[SOURCE RECORDS Boundary: Start]

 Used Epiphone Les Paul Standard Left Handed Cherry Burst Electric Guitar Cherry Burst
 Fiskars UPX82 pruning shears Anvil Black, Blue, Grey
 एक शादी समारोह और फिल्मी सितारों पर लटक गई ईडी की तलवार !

[SOURCE RECORDS Boundary: End]
[SOURCE RECORDS Boundary: Start]

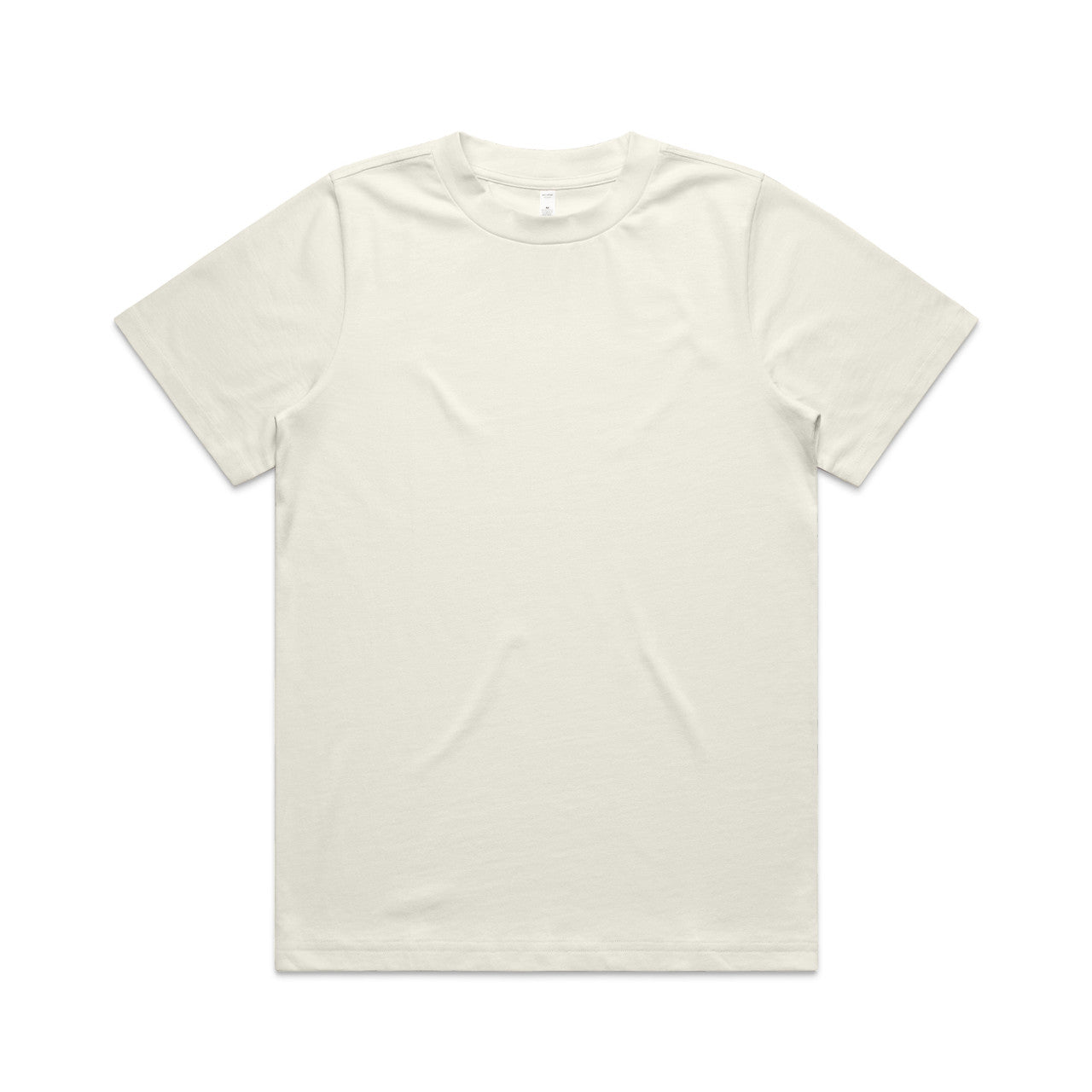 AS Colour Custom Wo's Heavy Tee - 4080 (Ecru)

[SOURCE RECORDS Boundary: End]

§ WHAT THE TASK ASKS
The listing above holds a line with "Used Epiphone Les" and a line with "एक शादी समारोह". Print the stretch from the first through the second, exactly and alone.

§ RESULT OF THIS EXERCISE
 Used Epiphone Les Paul Standard Left Handed Cherry Burst Electric Guitar Cherry Burst
 Fiskars UPX82 pruning shears Anvil Black, Blue, Grey
 एक शादी समारोह और फिल्मी सितारों पर लटक गई ईडी की तलवार !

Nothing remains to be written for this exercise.